Imagine this: you are Lio Messi, the soccer player, and you find yourself alone in front of the rival goalkeeper. Your goal is to score the goal, and you have a lot of dribbling and shooting in your arsenal to accomplish the goal. You have less than 1.5 seconds left to decide or you will lose your chance. Which one do you choose?

Two very important elements play here: the knowledge of your alternatives, and the rapid recovery of the ideal alternative. In other words, we’re talking about your memory.

So, our memory is the bridge that helps us connect knowledge with its practice, and to exercise our memory we have a wide variety of techniques used and tested for millennia and available to anyone.

(To learn more about memory techniques, check out these interviews with memory experts Pablo Lomelí and José María Bea.)

4. Practice

Theory combined with memory are useless if the knowledge is not put to the test.

Thus, regardless of the complexity or mysticism of what we are learning, it is necessary to find ways to exercise it. Only then will we fail (and FAILING (in Spanish: F.A.L.L.A.R is good!) to get feedback and continually refine the knowledge, through practice.

The moment of truth, the official test or test occurs when we put what we have learned into practice.

But unlike school or college tests, practice will not fail us with a low grade, but rather, show us the objective reality of our abilities at any given time. This is where the mentality we have will make the difference between abandoning our learning mission, or moving forward.

5. Share

The Learning Cycle is only consolidated when we share what we learn with other people.

Without pretending to be a teacher trying to teach our (limited) knowledge to others, I mean by sharing what we have learned to generate a back and forth conversation.

By sharing in a humble way, our audience (family, friends, colleagues, etc.) will most likely generate questions that would not have even crossed our minds and that we definitely will not know how to answer.

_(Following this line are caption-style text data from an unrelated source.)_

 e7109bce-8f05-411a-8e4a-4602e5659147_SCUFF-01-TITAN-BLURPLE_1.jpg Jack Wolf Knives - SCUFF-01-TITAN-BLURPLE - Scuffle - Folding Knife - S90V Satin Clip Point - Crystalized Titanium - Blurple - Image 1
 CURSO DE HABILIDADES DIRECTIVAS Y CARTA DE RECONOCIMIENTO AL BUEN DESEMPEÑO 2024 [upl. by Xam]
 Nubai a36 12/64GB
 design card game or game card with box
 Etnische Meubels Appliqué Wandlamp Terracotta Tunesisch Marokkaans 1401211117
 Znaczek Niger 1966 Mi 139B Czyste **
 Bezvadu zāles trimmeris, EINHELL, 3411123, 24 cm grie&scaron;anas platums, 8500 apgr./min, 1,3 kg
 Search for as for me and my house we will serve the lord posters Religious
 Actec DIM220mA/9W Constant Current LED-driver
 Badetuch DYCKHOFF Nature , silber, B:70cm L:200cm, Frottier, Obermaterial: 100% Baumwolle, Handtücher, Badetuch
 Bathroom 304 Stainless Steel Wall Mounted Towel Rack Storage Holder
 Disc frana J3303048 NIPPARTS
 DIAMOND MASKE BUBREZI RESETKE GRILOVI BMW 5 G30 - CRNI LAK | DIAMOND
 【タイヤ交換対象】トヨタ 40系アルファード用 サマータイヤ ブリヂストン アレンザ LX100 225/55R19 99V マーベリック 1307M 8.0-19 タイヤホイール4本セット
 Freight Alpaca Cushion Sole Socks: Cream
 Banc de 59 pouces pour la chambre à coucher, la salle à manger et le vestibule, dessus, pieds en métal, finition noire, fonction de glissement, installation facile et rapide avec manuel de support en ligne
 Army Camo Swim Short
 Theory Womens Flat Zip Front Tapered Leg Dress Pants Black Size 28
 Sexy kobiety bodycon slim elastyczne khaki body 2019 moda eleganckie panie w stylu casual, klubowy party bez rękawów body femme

This will create new questions in us, feeding our curiosity and taking us back to consume information and thus close this cycle of learning.

The Mentality

The previous five elements cover the mechanical part of learning, meaning, the techniques that anyone can obtain and exercise. However, none of these are useful to us if we don’t have a solid mindset to lean on.

So let me ask you the following:

How many times have we said to ourselves (mentally or verbally) phrases like…?:

  • “I’m not good at numbers.”
  • “I can’t understand as quickly as the others.”
  • “I have bad memory.”
  • “I always fail to put what I have learned into practice.”

… I bet many times, and how many times have we asked ourselves questions like…?:

  • Are my beliefs verified?
  • Are there other ways to learn that I don’t know about yet?
  • Who already solved these problems and what can I learn from them?

… I bet very rarely.

To really be effective when it comes to consuming, consolidating, storing, practicing and sharing knowledge, meaning, to be effective in exercising the learning cycle, we need to be very aware of ourselves, our strengths and weaknesses, our prejudices and beliefs.

It’s not for nothing that meta-cognition, understanding how we think, is what gives way to meta-learning, understanding how we learn.

Therefore, the mentality is that muscle that cannot be measured, but it’s the one that reveals itself in moments of peace, but especially in moments when nothing works well.

Finally, remember:

Success in any area is 80% mindset and 20% mechanics, and this applies to learning as well.


So far with this brief description of The Learning Cycle.

Now it is your turn to analyze which of these elements you will focus on to improve how you learn, and always keep in mind that everything starts from curiosity.